◆ Exercise details
Below are entries; repeat exactly, and nothing else, the lines from the one holding "Кружевной стрейч боди Milk White" through the one holding "4 Pieces Outdoor", inclusive. Leave the pictures out.

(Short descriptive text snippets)

== Segment start ==

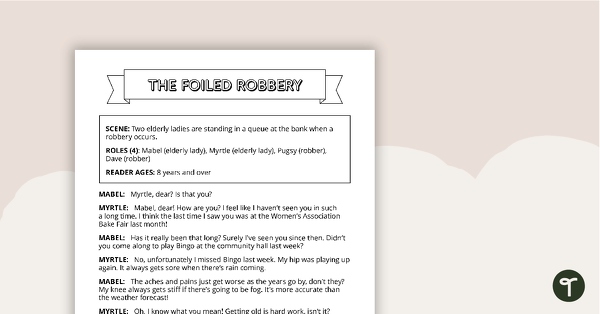 Go to Readers' Theatre Script - Foiled Robbery teaching resource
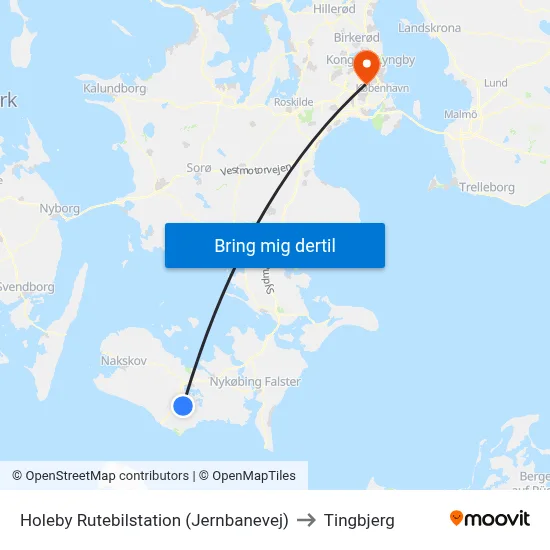 Holeby Rutebilstation (Jernbanevej) to Tingbjerg map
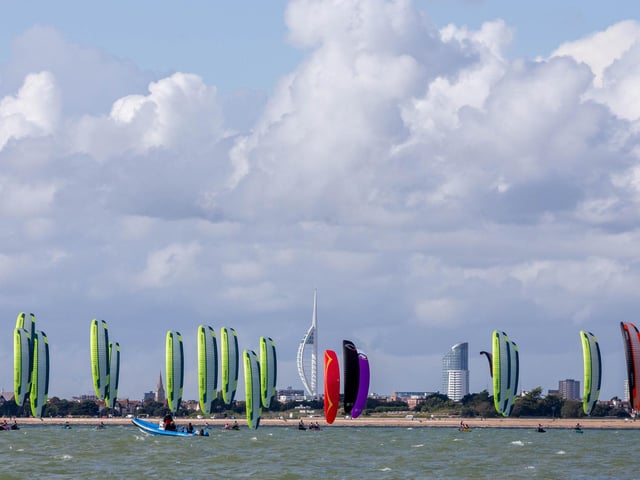 The Formula Kite European Championships start in Portsmouth, Southsea on Thursday 21st September 2023Pictured: Competitors on the fith wave of the race going past Spinnaker TowerPicture: Habibur Rahman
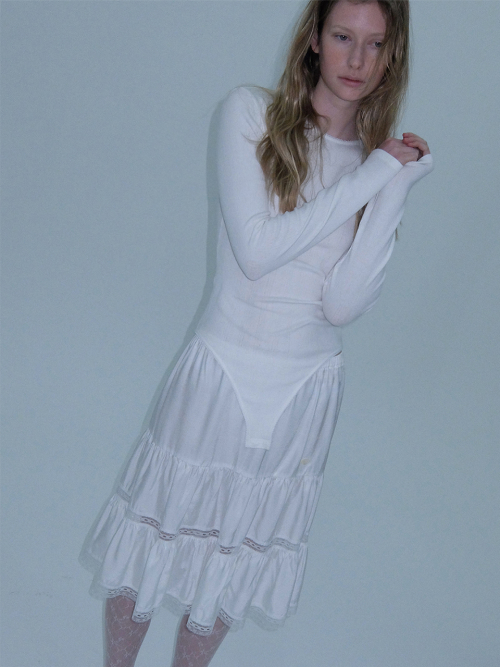 Кружевной стрейч боди Milk White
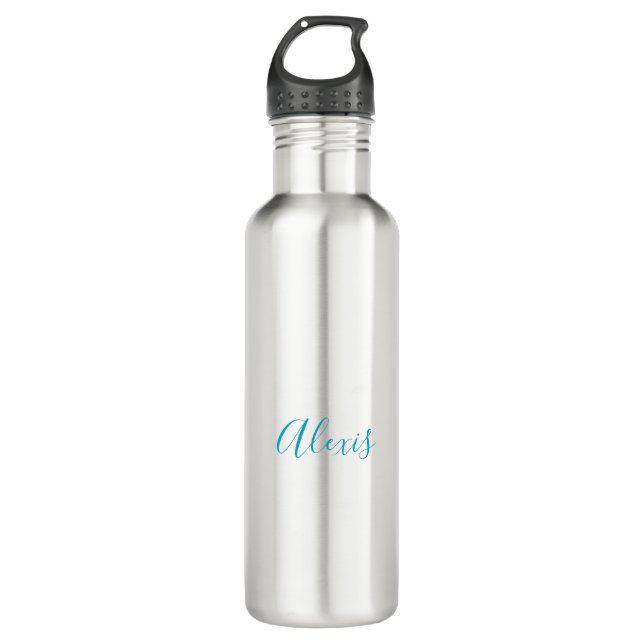 Name Calligraphy Script Plain Simple White Blue 710 Ml Water Bottle (Front)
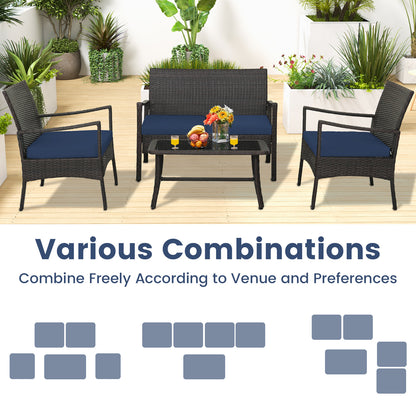4 Pieces Outdoor Rattan Conversation Set with Tempered Glass Coffee Table, Navy Patio Conversation Sets at Gallery Canada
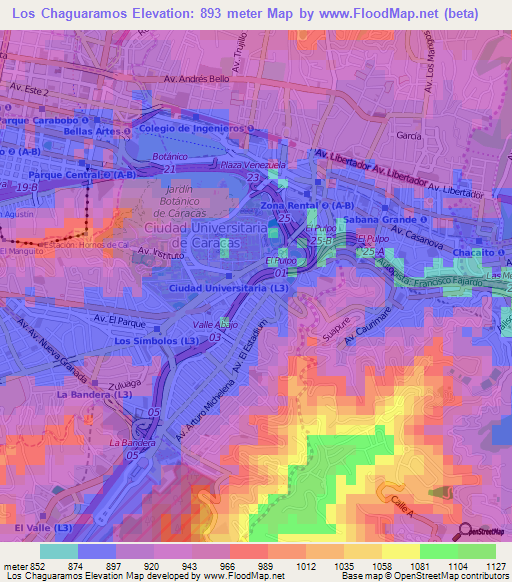Los Chaguaramos,Venezuela Elevation Map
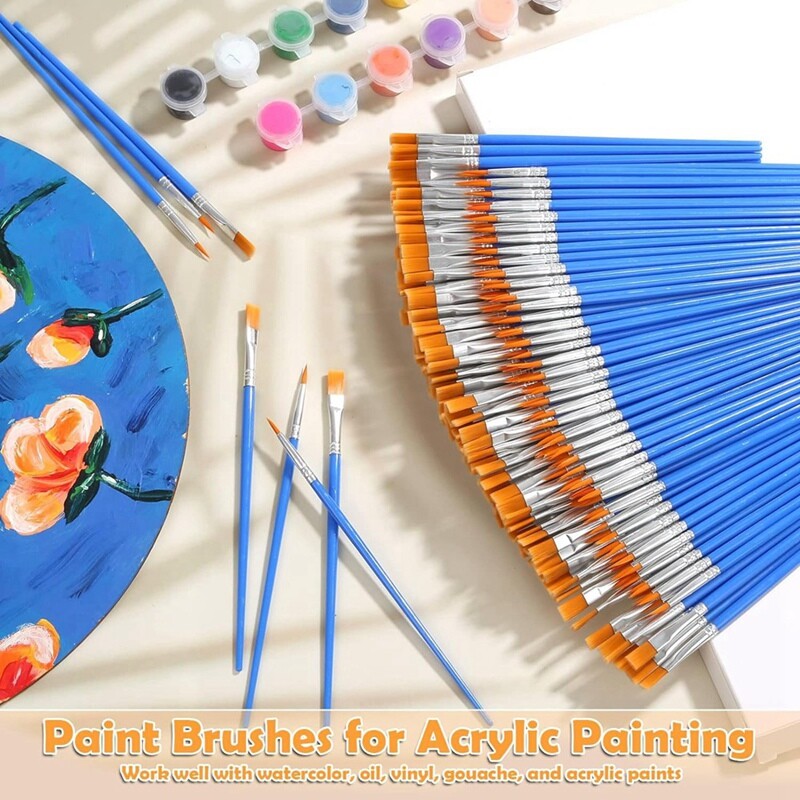 240 tk väike värvipintsel, lamedad peene otsaga kunstniku värvipintslid, käsitööpintslid lastele õli-akvarell-lõuendimaalimiseks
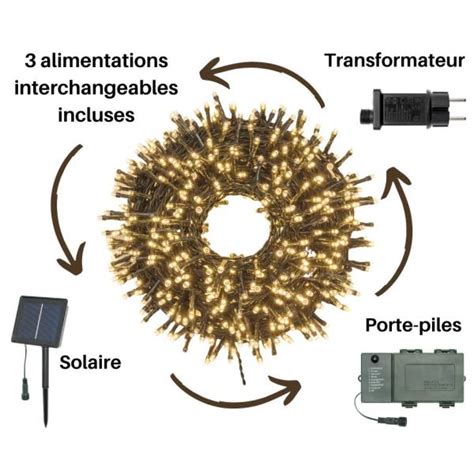 Guirlande Led Anim E M Solaire Ou Piles Ou Transformateur Blanc Chaud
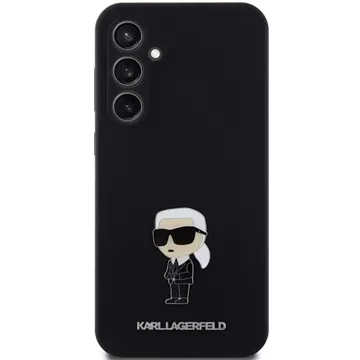 Karl Lagerfeld KLHCS23FEMHKNPK case for Samsung Galaxy S23 FE S711 black/black Silicone Ikonik Metal Pin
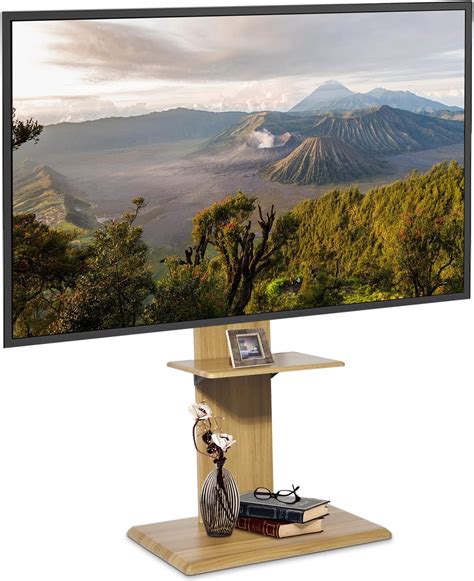 Buy Universal Floor TV Stand with Height Adjustable and Media Shelf for ...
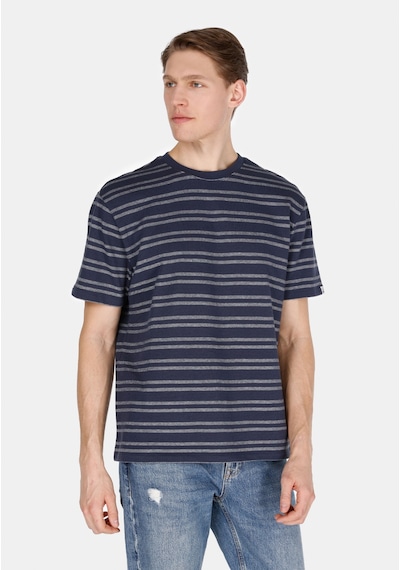 Colin's Colins Comfort Fit Yuvarlak Yaka Çizgili Erkek Lacivert Kısa Kol Tişört Cl1073624 Q1.v1 Nav Lacivert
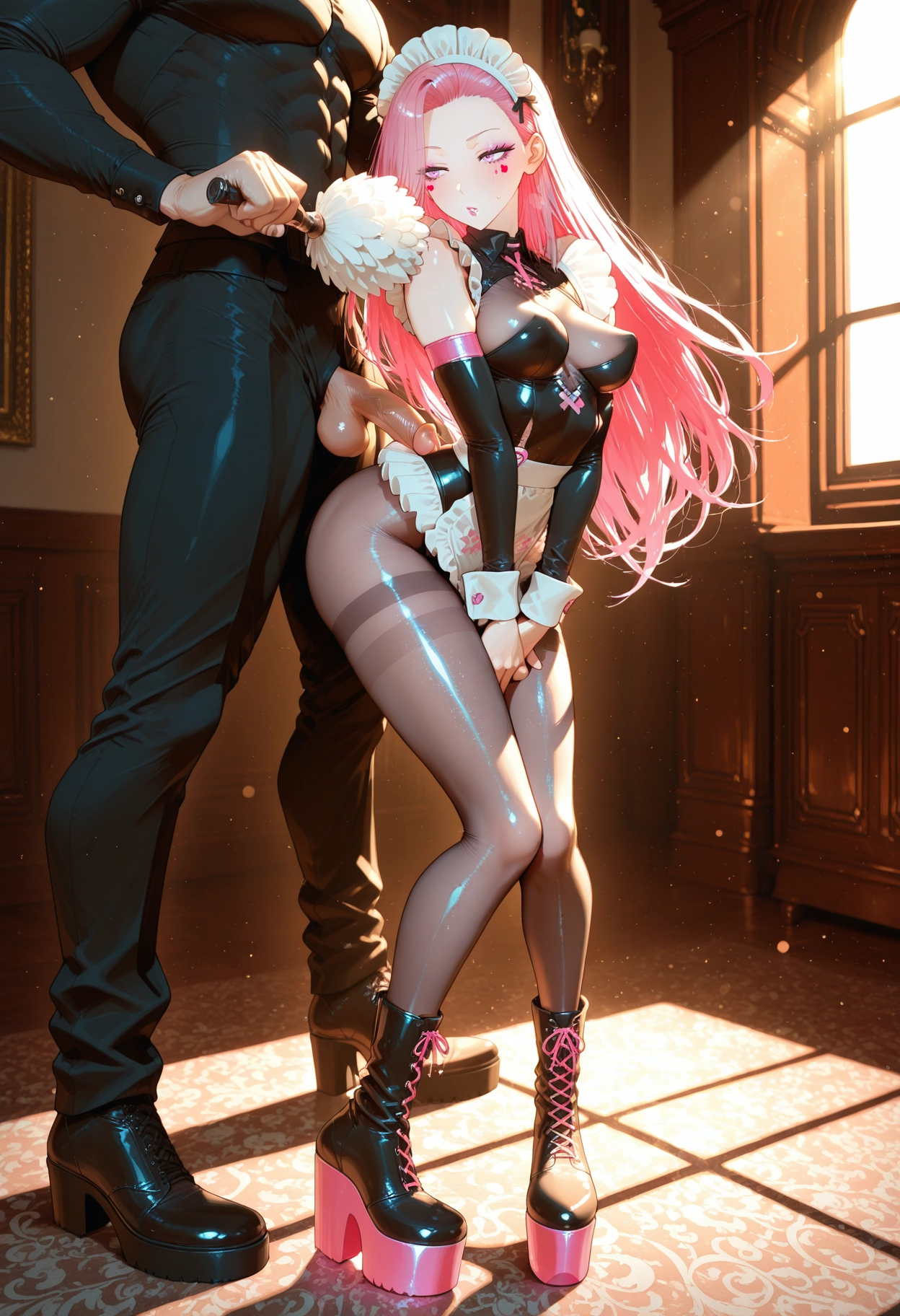 1girl, 1boy, platform footwear, breasts, pink hair, maid headdress · Yamete.gg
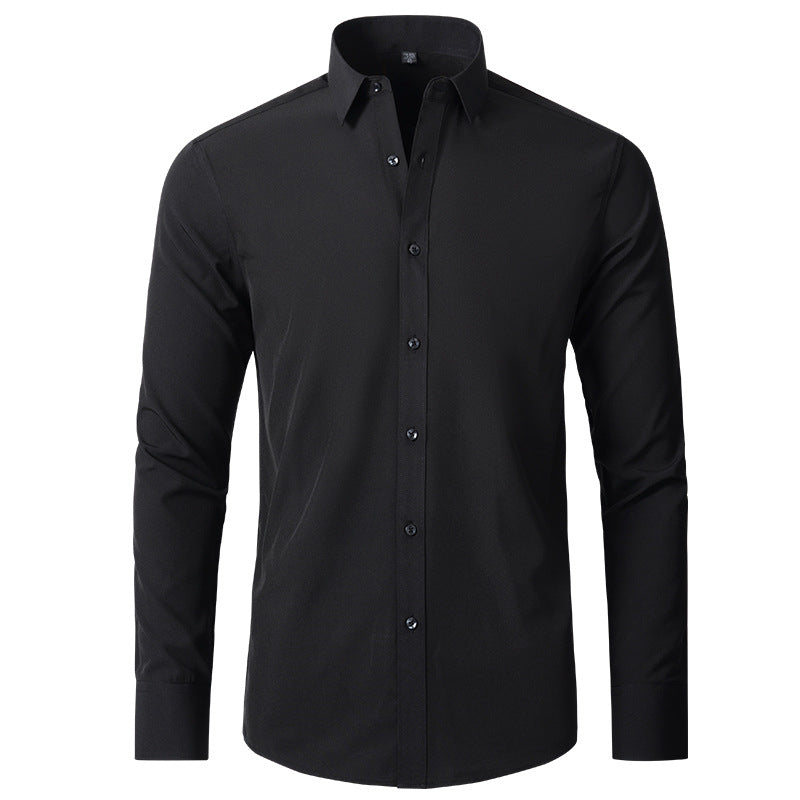 Men's Stretchable Long Sleeve Shirt with Contrast Buttons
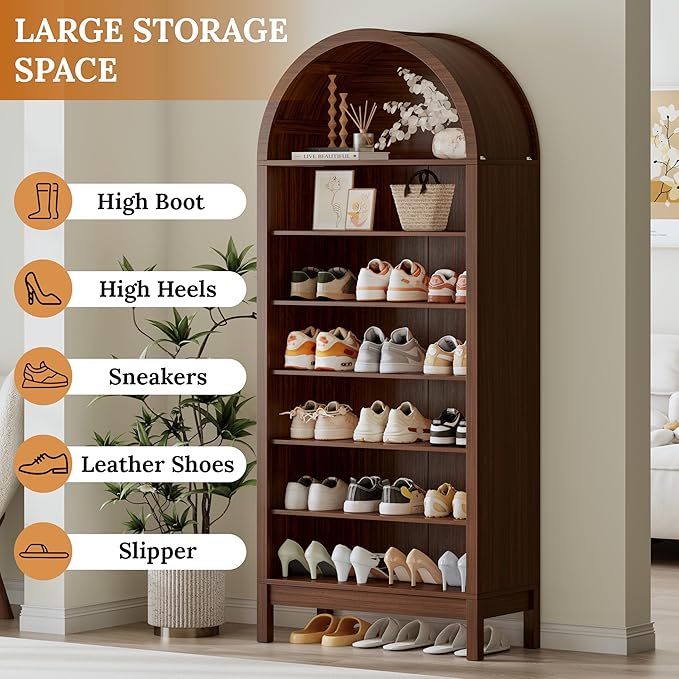 Shoe Cabinet, 70" Tall Arched Shoe Rack with 3 Adjustable Shelves, 7-Tier Large Freestanding Shoe Storage Organizer for Entryway, Closet, Hallway, Living Room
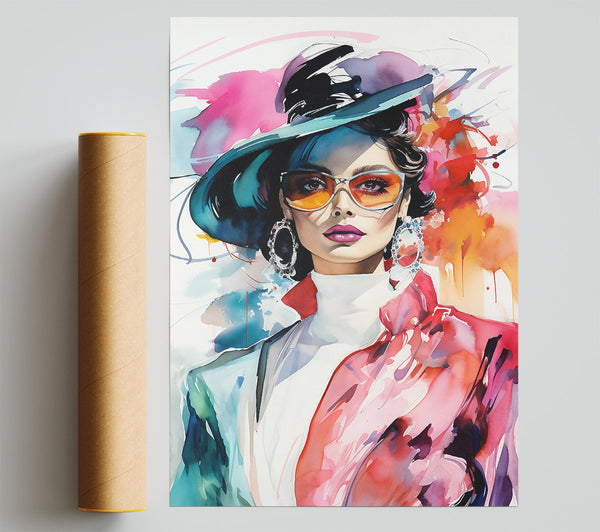 Fashion Lady In Glasses Poster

== Segment end ==

◆ Your response
 Кружевной стрейч боди Milk White
 Name Calligraphy Script Plain Simple White Blue 710 Ml Water Bottle (Front)
4 Pieces Outdoor Rattan Conversation Set with Tempered Glass Coffee Table, Navy Patio Conversation Sets at Gallery Canada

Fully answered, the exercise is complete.